Robert West presented the project “ACCOMOJI. Emoji accommodation in Swiss multilingual computer-mediated conversations”, and demonstrated their online citizen science questionnaire. Participants are invited to annotate an open dataset of Swiss WhatsApp chats by indicating their understanding of the role, positivity, and intensity of the emojis used. The researchers are combining linguistics and data science to understand how emoji use converges or diverges over time.

Isabella di Lenardo and Marie-Hélène Côté presented a video demo of their searchable database, Names of Lausanne, as part of the project “Names of Lausanne: the evolution of family names in administration records 1803-1900”. The database, which contains millions of digitized cells of data from handwritten census archives, will allow researchers and citizens to explore historical family and place names from the city of Lausanne.

Fabian Moss introduced a proof-of-concept transcription pipeline for “Digitizing the dualism debate: case study in the computational analysis of historical music sources”. The goal of this project is to generate an interactive website where users can browse data on the heated “dualism debate” among 19th-century German music theorists. By transcribing the notes and texts by key figures in this debate, the researchers hope to enable computational analysis of historical music theory sources.

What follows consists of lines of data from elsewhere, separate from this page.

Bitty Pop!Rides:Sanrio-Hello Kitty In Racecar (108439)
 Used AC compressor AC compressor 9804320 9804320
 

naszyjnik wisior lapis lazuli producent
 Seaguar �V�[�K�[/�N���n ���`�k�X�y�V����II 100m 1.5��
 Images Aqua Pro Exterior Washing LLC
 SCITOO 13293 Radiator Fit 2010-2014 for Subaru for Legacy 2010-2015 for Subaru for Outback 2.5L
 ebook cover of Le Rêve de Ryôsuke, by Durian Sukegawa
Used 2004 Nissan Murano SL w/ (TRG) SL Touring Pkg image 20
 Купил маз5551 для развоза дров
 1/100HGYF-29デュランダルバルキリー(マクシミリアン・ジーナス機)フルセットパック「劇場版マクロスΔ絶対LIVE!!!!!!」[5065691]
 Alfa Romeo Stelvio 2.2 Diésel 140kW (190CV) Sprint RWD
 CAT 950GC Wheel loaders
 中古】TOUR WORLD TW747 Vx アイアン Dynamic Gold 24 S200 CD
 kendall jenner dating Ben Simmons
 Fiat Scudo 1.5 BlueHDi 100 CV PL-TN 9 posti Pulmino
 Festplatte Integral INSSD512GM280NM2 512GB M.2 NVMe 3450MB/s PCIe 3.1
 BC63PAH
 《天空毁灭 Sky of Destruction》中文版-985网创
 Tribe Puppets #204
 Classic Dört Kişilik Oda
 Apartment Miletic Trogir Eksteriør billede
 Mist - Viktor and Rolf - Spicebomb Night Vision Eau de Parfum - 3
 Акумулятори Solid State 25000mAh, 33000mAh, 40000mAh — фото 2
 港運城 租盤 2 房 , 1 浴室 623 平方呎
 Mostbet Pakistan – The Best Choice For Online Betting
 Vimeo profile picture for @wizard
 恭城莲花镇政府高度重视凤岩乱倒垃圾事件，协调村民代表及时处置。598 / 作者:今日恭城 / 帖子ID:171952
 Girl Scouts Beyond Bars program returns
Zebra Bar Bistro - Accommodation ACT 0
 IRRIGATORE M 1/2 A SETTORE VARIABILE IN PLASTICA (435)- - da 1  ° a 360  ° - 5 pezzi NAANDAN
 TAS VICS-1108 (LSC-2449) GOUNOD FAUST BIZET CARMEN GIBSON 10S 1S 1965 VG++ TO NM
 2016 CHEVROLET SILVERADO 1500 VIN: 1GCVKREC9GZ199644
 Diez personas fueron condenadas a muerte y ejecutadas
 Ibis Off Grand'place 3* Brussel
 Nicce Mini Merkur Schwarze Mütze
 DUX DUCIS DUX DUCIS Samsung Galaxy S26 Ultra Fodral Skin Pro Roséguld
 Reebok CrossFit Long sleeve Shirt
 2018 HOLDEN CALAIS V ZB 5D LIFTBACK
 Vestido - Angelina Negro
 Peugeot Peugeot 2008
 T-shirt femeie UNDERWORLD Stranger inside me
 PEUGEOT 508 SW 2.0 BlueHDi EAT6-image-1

Maud Reveilhac, Tugrulcan Elmas and Karl Aberer presented a map of actors and interaction networks drawn from Twitter-based political conversations about freedom fighters returning to Europe from Syrian conflict, as part of “Framing analysis of online discourse of returning foreign fighters and their families”. They used natural language processing to study tweets in English and French, and to analyze how fighters were portrayed or “framed” across regions, actors and influencers of online discourse.